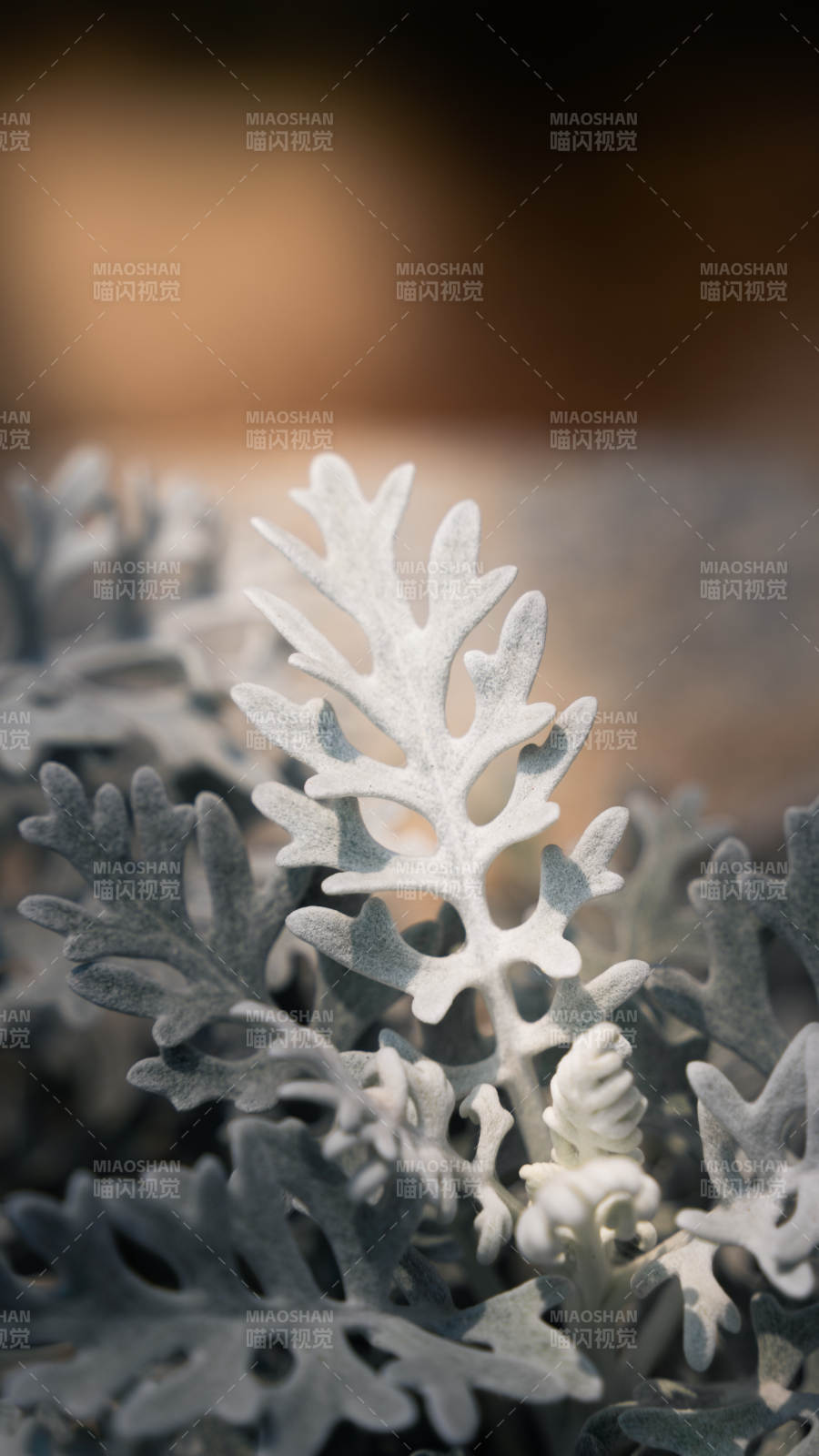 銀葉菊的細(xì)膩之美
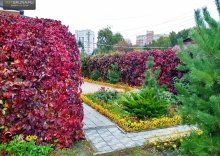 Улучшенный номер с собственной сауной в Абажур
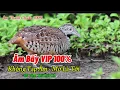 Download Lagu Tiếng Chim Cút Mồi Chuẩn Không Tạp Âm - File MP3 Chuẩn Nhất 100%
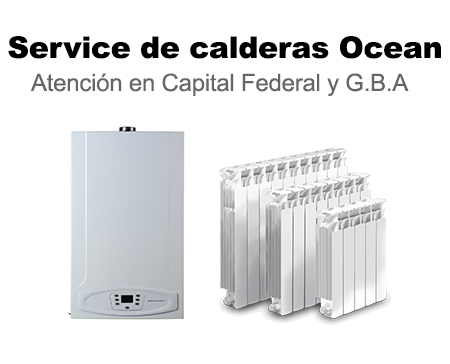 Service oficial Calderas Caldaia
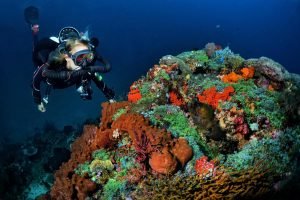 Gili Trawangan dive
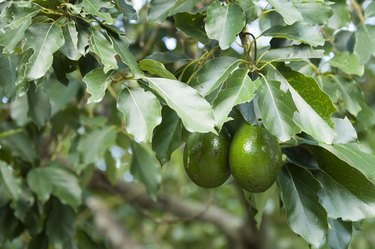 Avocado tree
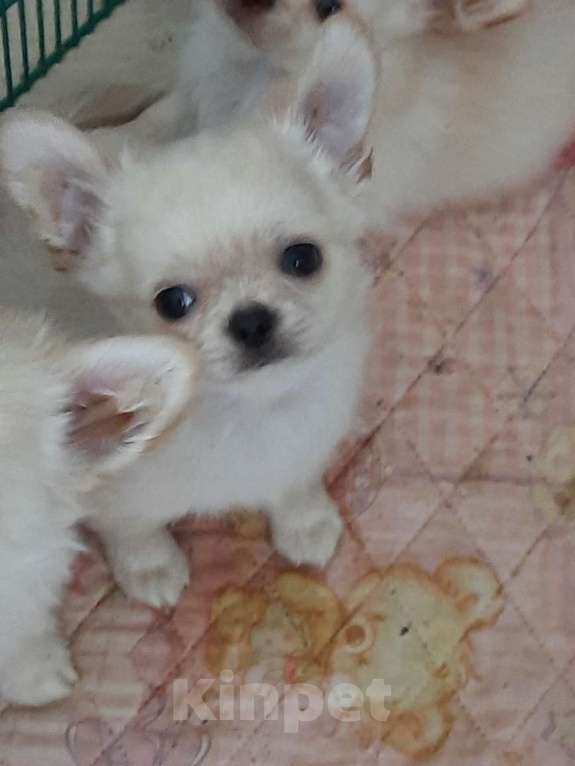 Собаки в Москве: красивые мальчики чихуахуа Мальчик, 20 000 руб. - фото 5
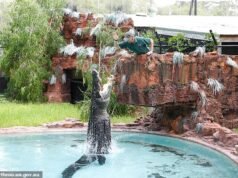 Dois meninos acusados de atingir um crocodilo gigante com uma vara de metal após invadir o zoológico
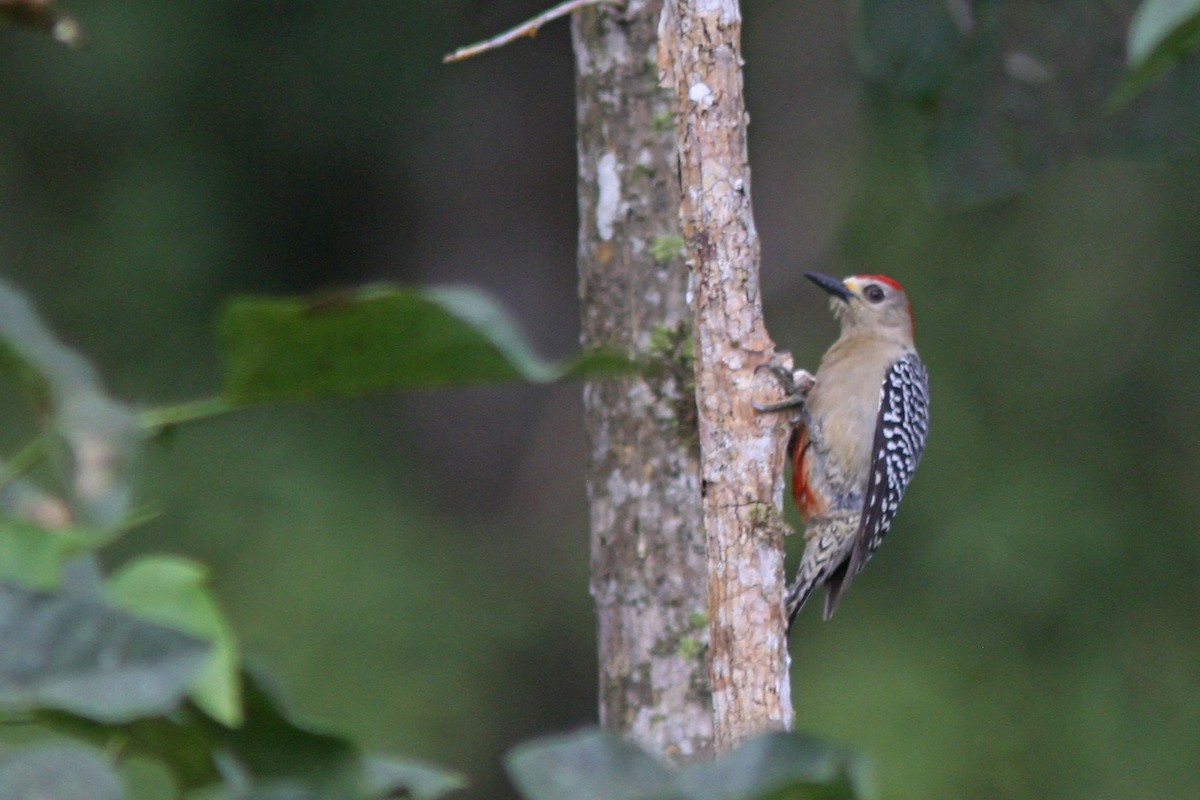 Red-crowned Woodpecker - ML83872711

- - - - - - -

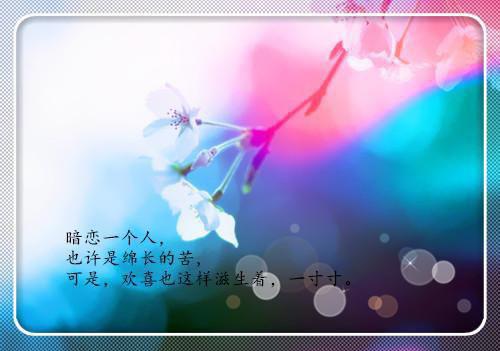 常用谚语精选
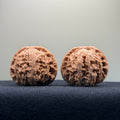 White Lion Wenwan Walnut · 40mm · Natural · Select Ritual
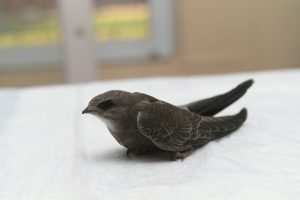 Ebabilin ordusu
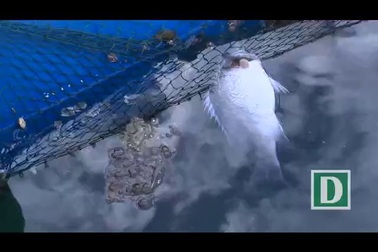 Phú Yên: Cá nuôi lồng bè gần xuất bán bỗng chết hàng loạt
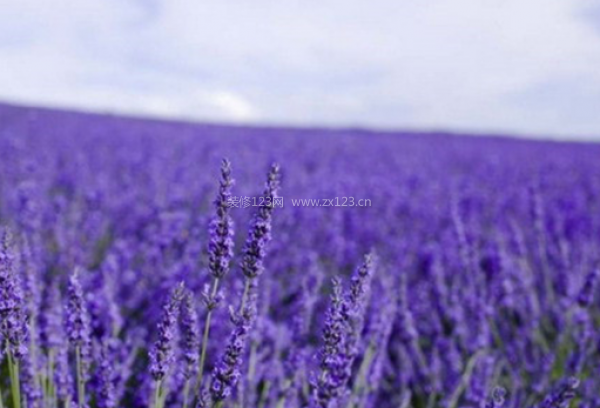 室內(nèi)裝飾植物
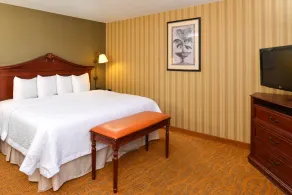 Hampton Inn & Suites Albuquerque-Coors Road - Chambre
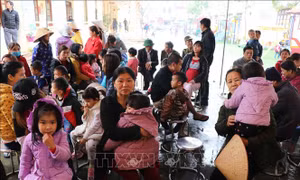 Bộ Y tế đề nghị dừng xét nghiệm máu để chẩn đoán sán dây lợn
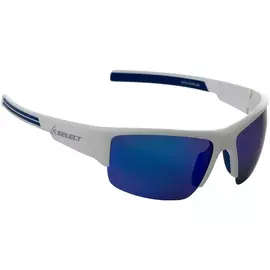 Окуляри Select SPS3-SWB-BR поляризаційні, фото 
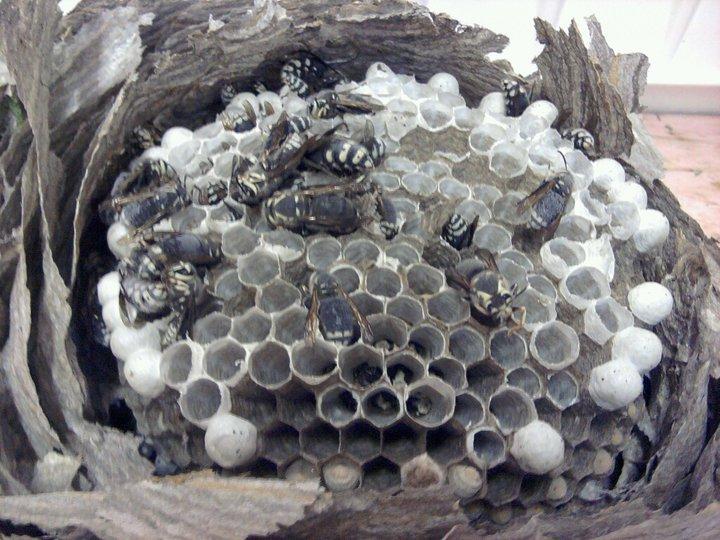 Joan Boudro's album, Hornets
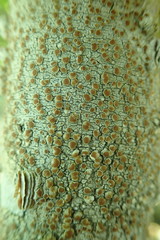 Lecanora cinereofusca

- - - - - - -

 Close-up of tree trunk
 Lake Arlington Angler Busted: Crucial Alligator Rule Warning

- - - - - - -

**What needs to be done:** Look above for the line with "銀葉菊的細(xì)膩之美" and the line with "Red-crowned Woodpecker - ML83872711", then copy exactly the lines from the first through the second, both kept, with no pictures.

**Expected output:**
 銀葉菊的細(xì)膩之美
 Улучшенный номер с собственной сауной в Абажур
 Download Lagu Tiếng Chim Cút Mồi Chuẩn Không Tạp Âm - File MP3 Chuẩn Nhất 100%
 Service oficial Calderas Caldaia
 Gili Trawangan dive
 Avocado tree
 Собаки в Москве: красивые мальчики чихуахуа Мальчик, 20 000 руб. - фото 5
 Dois meninos acusados de atingir um crocodilo gigante com uma vara de metal após invadir o zoológico
 Red-crowned Woodpecker - ML83872711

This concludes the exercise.